→ WORK REQUIRED
The answer must be an exact reproduction of the lines from the start of the records below through the line containing "Oster Häschen Kakaotasse", and nothing more.

(Scraped caption text data)
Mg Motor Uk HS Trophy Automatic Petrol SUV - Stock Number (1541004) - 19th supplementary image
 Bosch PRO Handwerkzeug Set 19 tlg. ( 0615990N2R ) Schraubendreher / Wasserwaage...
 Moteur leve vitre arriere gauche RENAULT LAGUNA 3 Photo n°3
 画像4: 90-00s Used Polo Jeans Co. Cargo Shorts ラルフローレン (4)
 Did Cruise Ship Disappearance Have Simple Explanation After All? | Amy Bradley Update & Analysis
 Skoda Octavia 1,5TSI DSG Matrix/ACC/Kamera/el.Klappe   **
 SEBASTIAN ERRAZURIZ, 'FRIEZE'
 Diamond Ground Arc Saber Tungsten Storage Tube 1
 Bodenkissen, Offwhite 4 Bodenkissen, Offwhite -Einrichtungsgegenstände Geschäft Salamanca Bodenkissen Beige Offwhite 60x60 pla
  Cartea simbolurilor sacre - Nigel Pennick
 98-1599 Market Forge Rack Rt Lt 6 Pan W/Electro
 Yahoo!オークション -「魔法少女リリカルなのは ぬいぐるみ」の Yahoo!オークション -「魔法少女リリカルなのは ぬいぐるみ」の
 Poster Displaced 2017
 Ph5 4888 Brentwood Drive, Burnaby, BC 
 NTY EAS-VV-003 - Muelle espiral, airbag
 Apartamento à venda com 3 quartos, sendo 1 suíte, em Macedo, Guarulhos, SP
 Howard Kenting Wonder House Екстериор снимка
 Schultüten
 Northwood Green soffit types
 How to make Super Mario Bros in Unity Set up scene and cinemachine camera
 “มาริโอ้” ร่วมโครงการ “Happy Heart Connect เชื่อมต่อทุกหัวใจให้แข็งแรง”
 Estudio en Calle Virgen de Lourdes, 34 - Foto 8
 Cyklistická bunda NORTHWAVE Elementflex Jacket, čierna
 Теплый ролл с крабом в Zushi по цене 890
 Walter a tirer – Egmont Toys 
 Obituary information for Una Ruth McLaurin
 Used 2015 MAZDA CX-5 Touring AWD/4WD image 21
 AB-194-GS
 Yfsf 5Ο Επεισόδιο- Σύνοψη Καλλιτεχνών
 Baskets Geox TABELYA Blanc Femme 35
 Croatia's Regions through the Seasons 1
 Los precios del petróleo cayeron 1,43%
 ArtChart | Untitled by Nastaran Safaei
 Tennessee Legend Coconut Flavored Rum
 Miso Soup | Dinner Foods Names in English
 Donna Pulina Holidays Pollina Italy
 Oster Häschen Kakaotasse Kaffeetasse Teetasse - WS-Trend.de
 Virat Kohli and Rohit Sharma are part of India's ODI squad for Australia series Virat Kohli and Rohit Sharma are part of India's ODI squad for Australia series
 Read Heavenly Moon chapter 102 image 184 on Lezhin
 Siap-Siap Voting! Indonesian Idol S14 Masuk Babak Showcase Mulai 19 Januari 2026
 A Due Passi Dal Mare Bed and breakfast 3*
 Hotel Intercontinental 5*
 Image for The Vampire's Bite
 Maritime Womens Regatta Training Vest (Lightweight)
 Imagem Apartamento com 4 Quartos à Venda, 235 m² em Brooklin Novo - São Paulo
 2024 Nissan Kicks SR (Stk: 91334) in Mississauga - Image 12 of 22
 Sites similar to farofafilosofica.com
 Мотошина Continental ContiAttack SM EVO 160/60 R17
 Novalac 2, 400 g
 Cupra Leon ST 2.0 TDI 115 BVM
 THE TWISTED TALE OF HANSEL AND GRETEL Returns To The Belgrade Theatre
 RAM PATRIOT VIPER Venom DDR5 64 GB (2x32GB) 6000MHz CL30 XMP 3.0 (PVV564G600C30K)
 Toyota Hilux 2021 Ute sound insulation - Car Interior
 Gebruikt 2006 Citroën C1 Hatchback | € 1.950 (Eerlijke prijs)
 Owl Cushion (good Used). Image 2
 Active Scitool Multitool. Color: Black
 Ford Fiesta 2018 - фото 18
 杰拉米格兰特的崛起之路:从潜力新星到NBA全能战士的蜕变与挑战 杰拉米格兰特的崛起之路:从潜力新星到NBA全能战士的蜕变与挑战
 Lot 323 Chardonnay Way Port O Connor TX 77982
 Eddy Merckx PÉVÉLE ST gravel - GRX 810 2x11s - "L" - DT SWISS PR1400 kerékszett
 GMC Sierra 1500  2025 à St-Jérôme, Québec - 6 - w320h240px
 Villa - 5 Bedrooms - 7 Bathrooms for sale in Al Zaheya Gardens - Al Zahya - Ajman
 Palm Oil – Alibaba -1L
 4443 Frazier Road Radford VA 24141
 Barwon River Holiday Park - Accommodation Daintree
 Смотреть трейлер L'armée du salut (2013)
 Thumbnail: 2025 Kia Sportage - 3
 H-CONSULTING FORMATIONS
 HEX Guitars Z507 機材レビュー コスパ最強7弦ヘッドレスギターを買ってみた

→ ANSWER FOR THE TASK
Mg Motor Uk HS Trophy Automatic Petrol SUV - Stock Number (1541004) - 19th supplementary image
 Bosch PRO Handwerkzeug Set 19 tlg. ( 0615990N2R ) Schraubendreher / Wasserwaage...
 Moteur leve vitre arriere gauche RENAULT LAGUNA 3 Photo n°3
 画像4: 90-00s Used Polo Jeans Co. Cargo Shorts ラルフローレン (4)
 Did Cruise Ship Disappearance Have Simple Explanation After All? | Amy Bradley Update & Analysis
 Skoda Octavia 1,5TSI DSG Matrix/ACC/Kamera/el.Klappe   **
 SEBASTIAN ERRAZURIZ, 'FRIEZE'
 Diamond Ground Arc Saber Tungsten Storage Tube 1
 Bodenkissen, Offwhite 4 Bodenkissen, Offwhite -Einrichtungsgegenstände Geschäft Salamanca Bodenkissen Beige Offwhite 60x60 pla
  Cartea simbolurilor sacre - Nigel Pennick
 98-1599 Market Forge Rack Rt Lt 6 Pan W/Electro
 Yahoo!オークション -「魔法少女リリカルなのは ぬいぐるみ」の Yahoo!オークション -「魔法少女リリカルなのは ぬいぐるみ」の
 Poster Displaced 2017
 Ph5 4888 Brentwood Drive, Burnaby, BC 
 NTY EAS-VV-003 - Muelle espiral, airbag
 Apartamento à venda com 3 quartos, sendo 1 suíte, em Macedo, Guarulhos, SP
 Howard Kenting Wonder House Екстериор снимка
 Schultüten
 Northwood Green soffit types
 How to make Super Mario Bros in Unity Set up scene and cinemachine camera
 “มาริโอ้” ร่วมโครงการ “Happy Heart Connect เชื่อมต่อทุกหัวใจให้แข็งแรง”
 Estudio en Calle Virgen de Lourdes, 34 - Foto 8
 Cyklistická bunda NORTHWAVE Elementflex Jacket, čierna
 Теплый ролл с крабом в Zushi по цене 890
 Walter a tirer – Egmont Toys 
 Obituary information for Una Ruth McLaurin
 Used 2015 MAZDA CX-5 Touring AWD/4WD image 21
 AB-194-GS
 Yfsf 5Ο Επεισόδιο- Σύνοψη Καλλιτεχνών
 Baskets Geox TABELYA Blanc Femme 35
 Croatia's Regions through the Seasons 1
 Los precios del petróleo cayeron 1,43%
 ArtChart | Untitled by Nastaran Safaei
 Tennessee Legend Coconut Flavored Rum
 Miso Soup | Dinner Foods Names in English
 Donna Pulina Holidays Pollina Italy
 Oster Häschen Kakaotasse Kaffeetasse Teetasse - WS-Trend.de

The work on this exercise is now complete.